Why graph problems feel harder than arrays or trees
A 4-question framework for approaching any graph problem
How to model grids, DAGs, and weighted networks as graphs
Common algorithm mismatches that cost you the problem
How to solve graph problems when you've never seen them before? Two engineers open the same problem. One stares at the description for ten minutes, writes nothing, and eventually guesses BFS. The other spends two minutes asking four questions, identifies it as a connected components task, and finishes a clean DFS solution with twelve minutes to spare.
They both know the same algorithms, so the difference isn't knowledge. One has a repeatable process for translating an unfamiliar problem into an algorithm choice. The other is matching against memory.
Why graph problems feel different
A graph problem is any problem where the solution depends on relationships between entities, whether those relationships are explicit (an edge list) or implicit (grid adjacency, dependency lists, network connections). That range of disguises is what makes them feel unpredictable. Graph problems aren't harder because the algorithms are more complex. They're harder because the modeling step is invisible.
With arrays, the data structure is given to you. You see an array, you think about two pointers or sliding windows. With trees, the structure is in the input. You see a root node with children, and traversal is the obvious starting point.
Graphs don't work that way. Most graph problems don't hand you an adjacency list. They hand you a grid, a list of dependencies, a network of cities, or a set of connections. Your first job isn't selecting an algorithm. It's recognizing that you're looking at a graph at all.

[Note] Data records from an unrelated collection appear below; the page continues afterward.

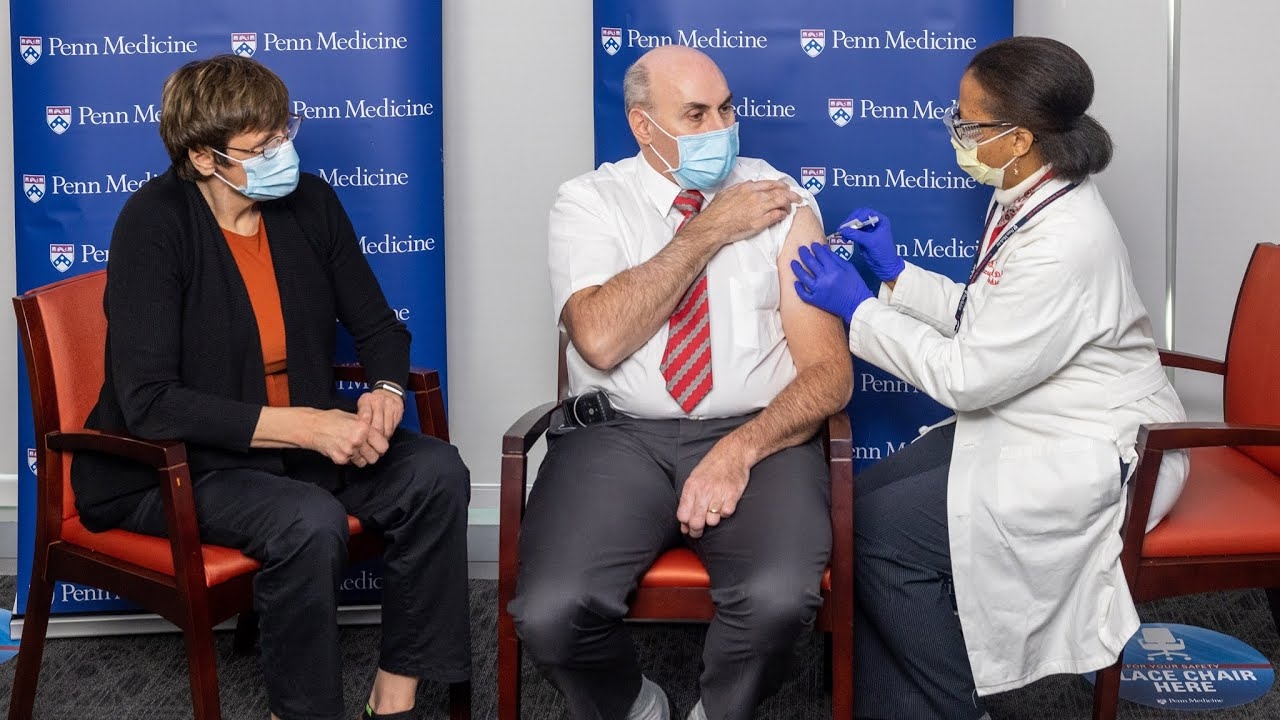 2023년 노벨 생리의학상 수상자인 커털린 커리코(왼쪽·68) 바이온텍 수석부사장과 드루 와이스먼(가운데·64) 미국 펜실베이니아대 의대 교수가 자신들이 개발한 mRNA 백신의 안전성을 증명하기 위해 2020년 12월 코로나19 백신을 처음 접종받고 있다.  미국 펜실베이니아대 의대 제공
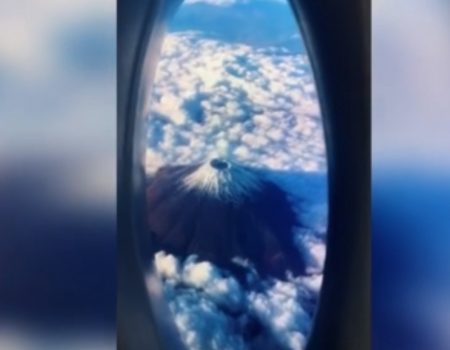 Virales Video „Influencer-Naturtalent: Kreativer Mann inszeniert einen Flug über einen Vulkan mit seinem Smartphone und einer Waschmittelflasche“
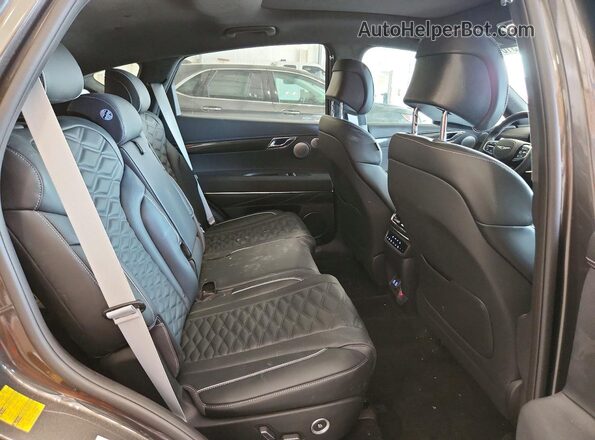 KMUJBESC9SU277273 2025 GENESIS GV80 Gray Vista interior trasera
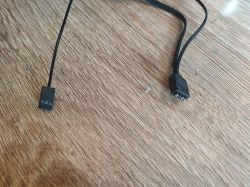 Obudowa Genesis IRID 400 ARGB Midi Tower: sterowanie z płyty głównej przez gniazdo RGB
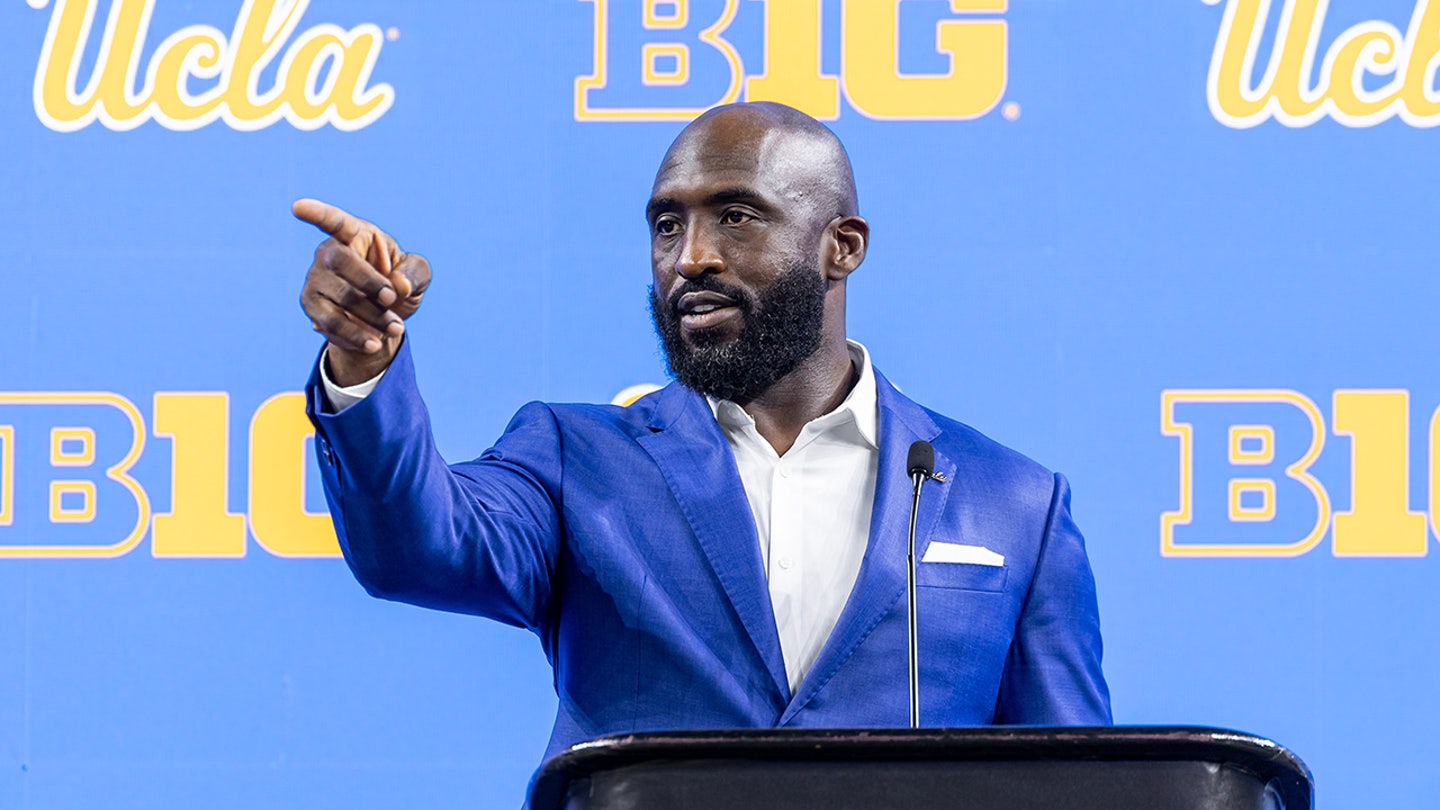 UCLA Head Coach DeShaun Foster's Awkward Big Ten Media Day Appearance Goes Viral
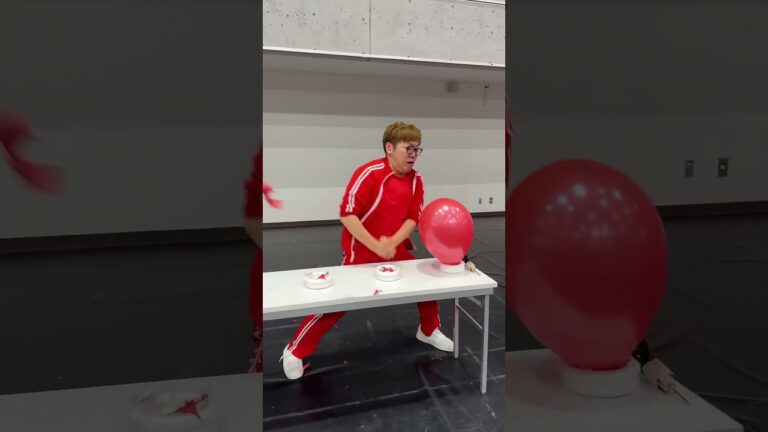 Big red bubble 🫧 #comedy #memes #challenge #funny #balloon #shortsindia #shortsviral #ヒカキン #shorts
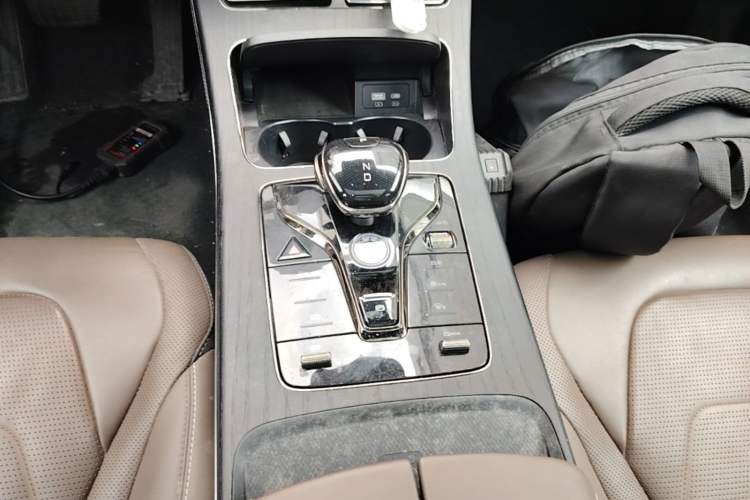 Used BYD Han 2022 EV Genesis Edition 610KM All-Wheel Drive Premium Model Gear Lever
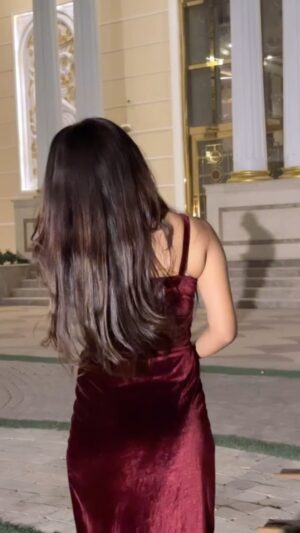 Priyanshi Pandey Instagram - You fvr singer 😌 ? @pandit_girl_242
#viral #honeysinghsongs #trend #insta #trend #reelsinstagram #dance #reel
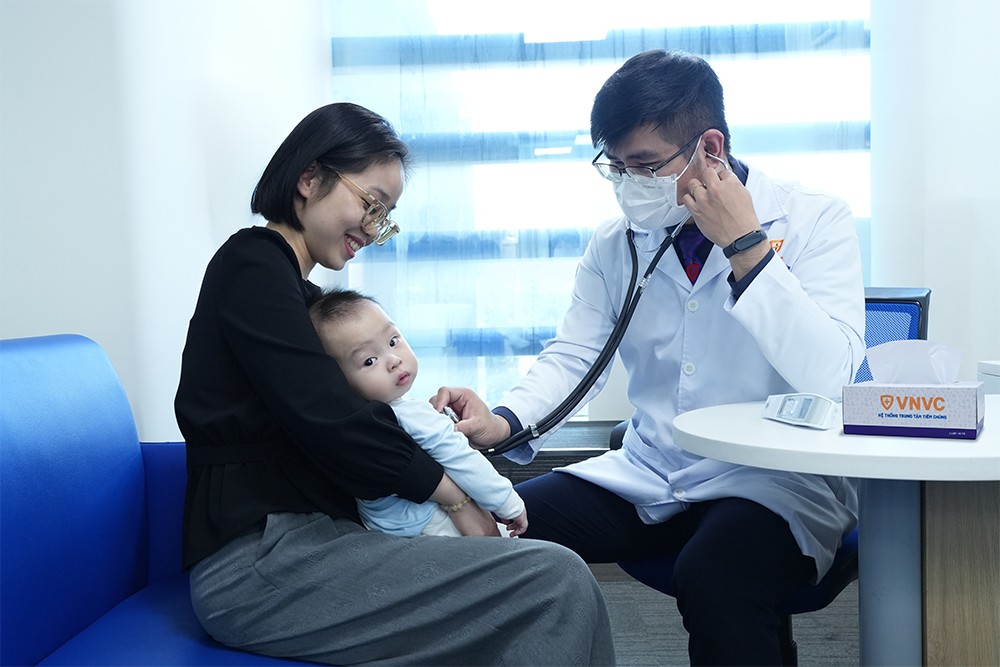 Chị Hoàng Thị Châm đưa con trai hơn 7 tháng tuổi đến VNVC ICON4 Cầu Giấy (Hà Nội) tiêm kháng thể đơn dòng phòng virus hợp bào hô hấp RSV. Ảnh: Anh Tuấn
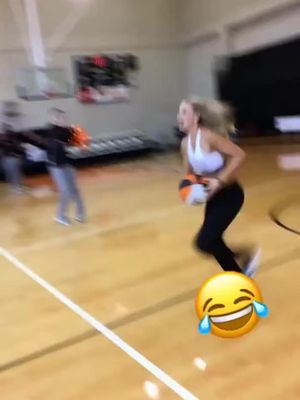 girl tries to dunk fail #basketball #funny basketball #NBA #trending #viral #xyzbca #fyppppppppppppppppppppppp #fyp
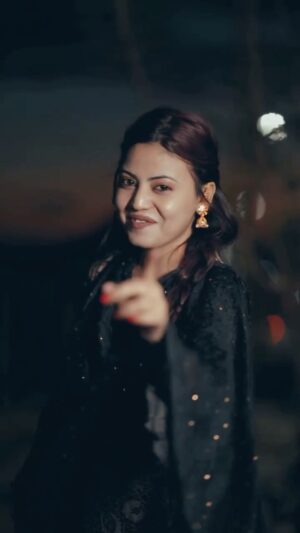 Shikha Wahulkar Instagram - Muzko dafnakar wo🫠🖤💧…….
#reels #viral #reelsinstagram #explorepage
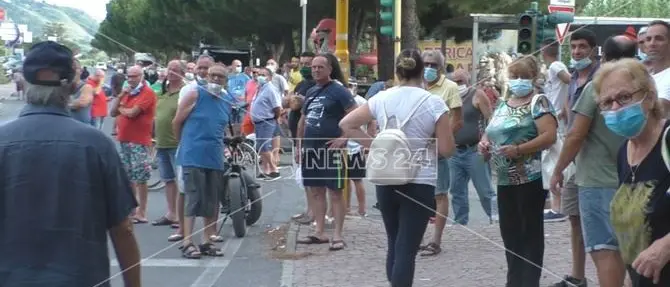 Coronavirus Amantea: «Troppi casi tra migranti». I commercianti vanno in Procura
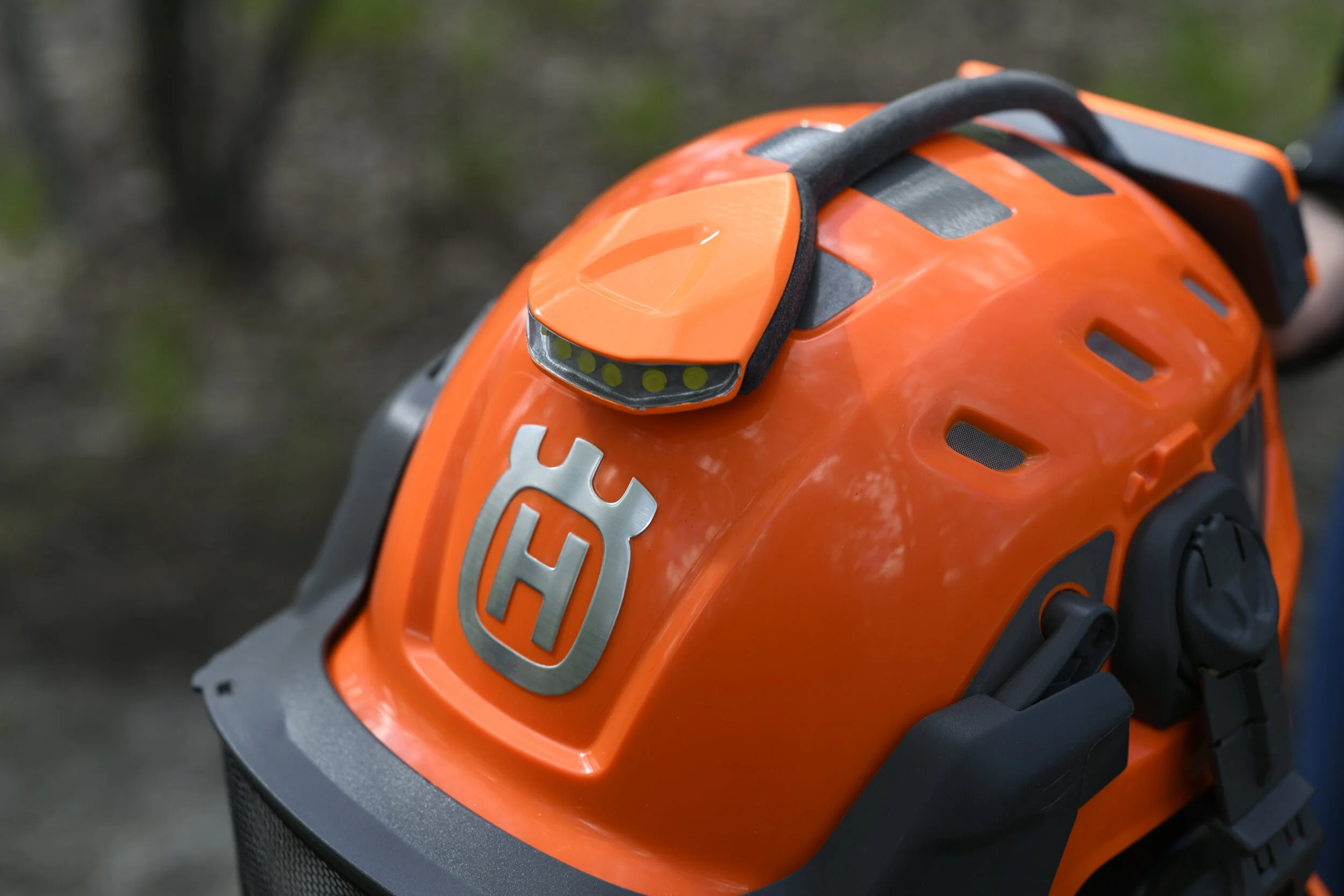 I projektet samlade vi kunskap genom marknadsanalys, fältstudie, intervjuer, enkätundersökningar, samt att vi testade på klättring själva.  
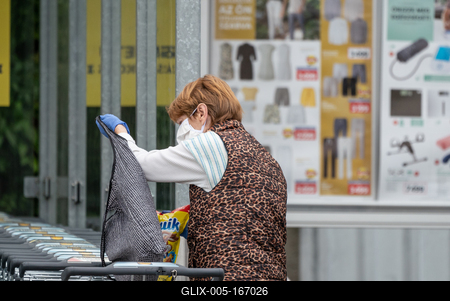 PECS - MAY 27 : Old woman go to shopping on the street  on 27 May 2020 in Pecs, Hungary. During coronavirus pandemic, everybody have to waering face mask-stock-foto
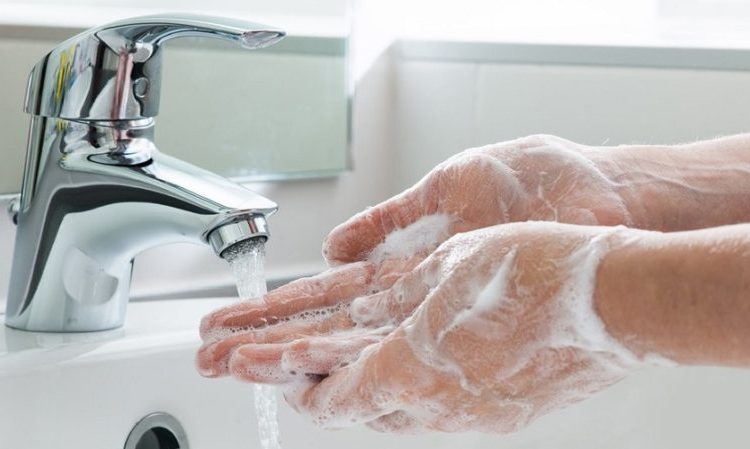 ¿Cómo debes lavar las manos para protegerte del coronavirus?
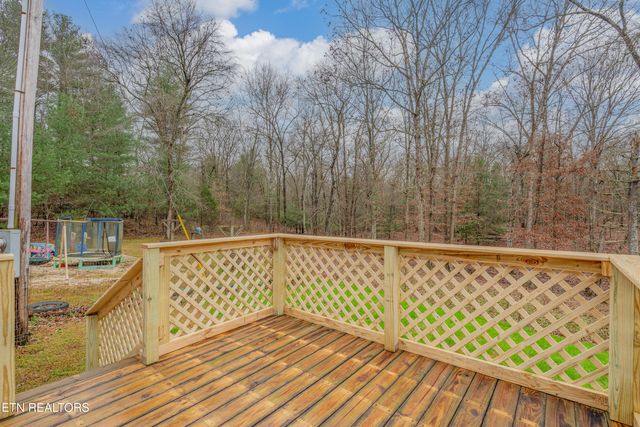 1725 Genesis Rd, Lancing, TN 37770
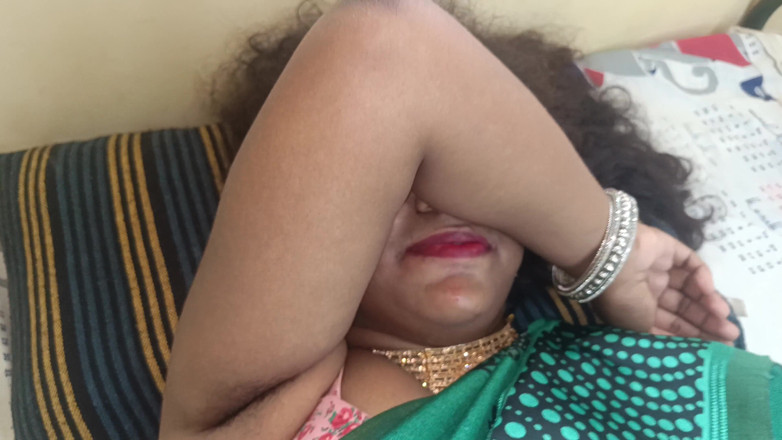 Apple baby: Ama de casa lamiendo coño video viral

This is why knowing all five graph patterns doesn't prevent freezing on problems you haven't practiced. The translation from problem description to graph structure is where engineers actually get stuck.
Some graph problems (graph coloring, traveling salesman) are genuinely unsolvable in polynomial time, and the research on approximation algorithms for those is fascinating in its own right. But those rarely show up in coding interviews. Interview graph problems almost always map to one of five well known algorithms. The hard part is always the translation, not the algorithm.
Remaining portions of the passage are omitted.